# [Entries supplied]

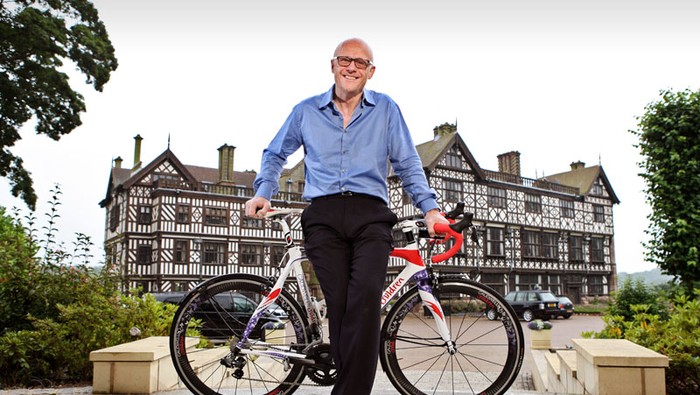 John Caudwell. (Foto: Dok. Caudwell) John Caudwell. (Foto: Dok. Caudwell)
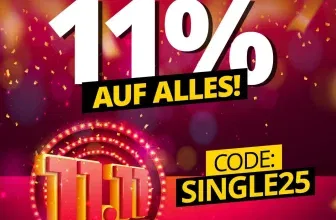 SportSpar Singles Day 2025 – 11 % RABATT auf ALLES!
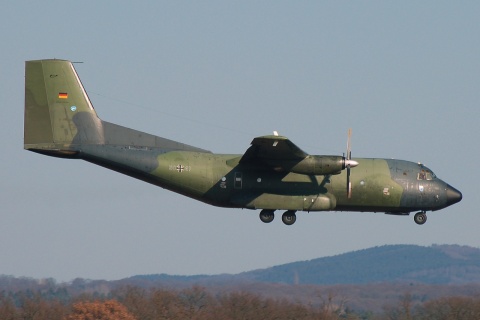 50+41 - C-160D Transall - German Air Force (Luftwaffe) - CGN - 15-02-2008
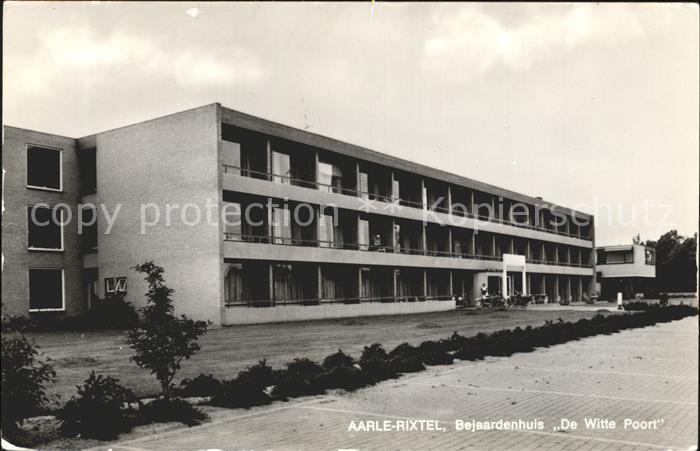 Aarle-Rixtel Bejaardenhuis De Witte Poort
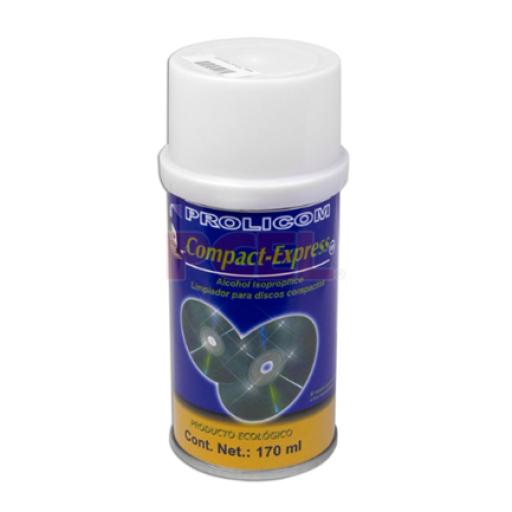 [PROLICOM_COMPACT-EXPRESS 170] Prolicom LIMPIADOR COMPACT PROLICOM 170GMS COMPACTOS AUDIO VIDEO ELEC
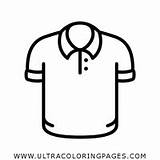 Shirt Coloring Polo Pages sketch template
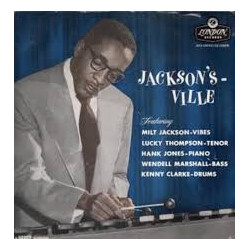 Milt Jackson Jackson'sville Vinyl LP USED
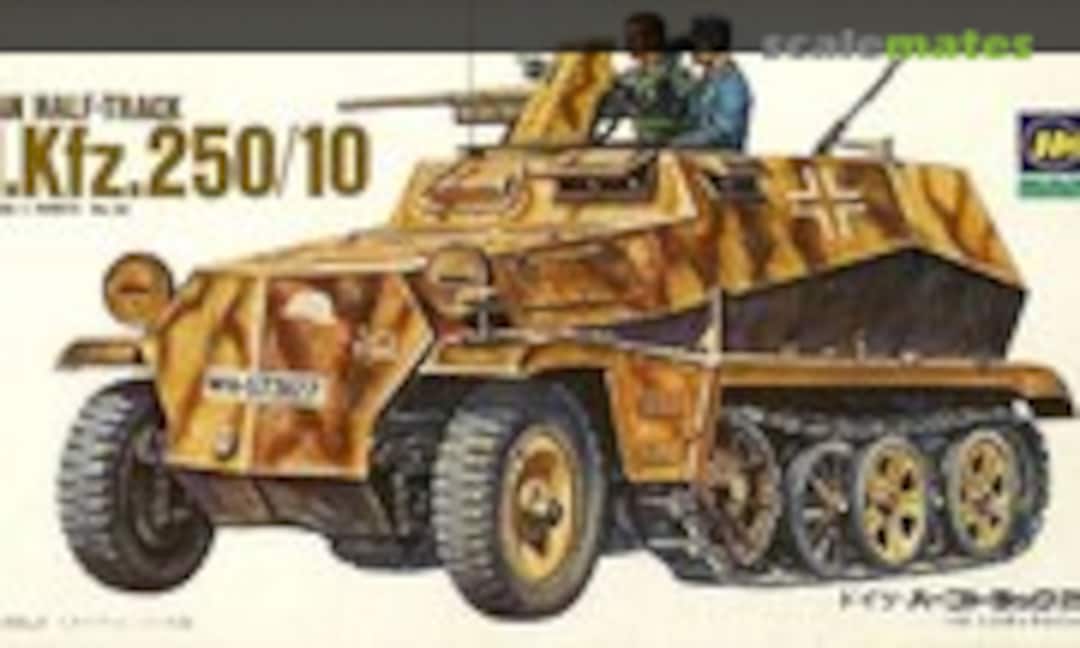 1:72 Sd.Kfz.250/10 (Hasegawa MB-139)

# [Problem]
Write everything in the records out exactly, apart from the pictures.

# [Finished exercise]
 John Caudwell. (Foto: Dok. Caudwell) John Caudwell. (Foto: Dok. Caudwell)
 SportSpar Singles Day 2025 – 11 % RABATT auf ALLES!
 50+41 - C-160D Transall - German Air Force (Luftwaffe) - CGN - 15-02-2008
 Aarle-Rixtel Bejaardenhuis De Witte Poort
 [PROLICOM_COMPACT-EXPRESS 170] Prolicom LIMPIADOR COMPACT PROLICOM 170GMS COMPACTOS AUDIO VIDEO ELEC
 Shirt Coloring Polo Pages sketch template
 Milt Jackson Jackson'sville Vinyl LP USED
 1:72 Sd.Kfz.250/10 (Hasegawa MB-139)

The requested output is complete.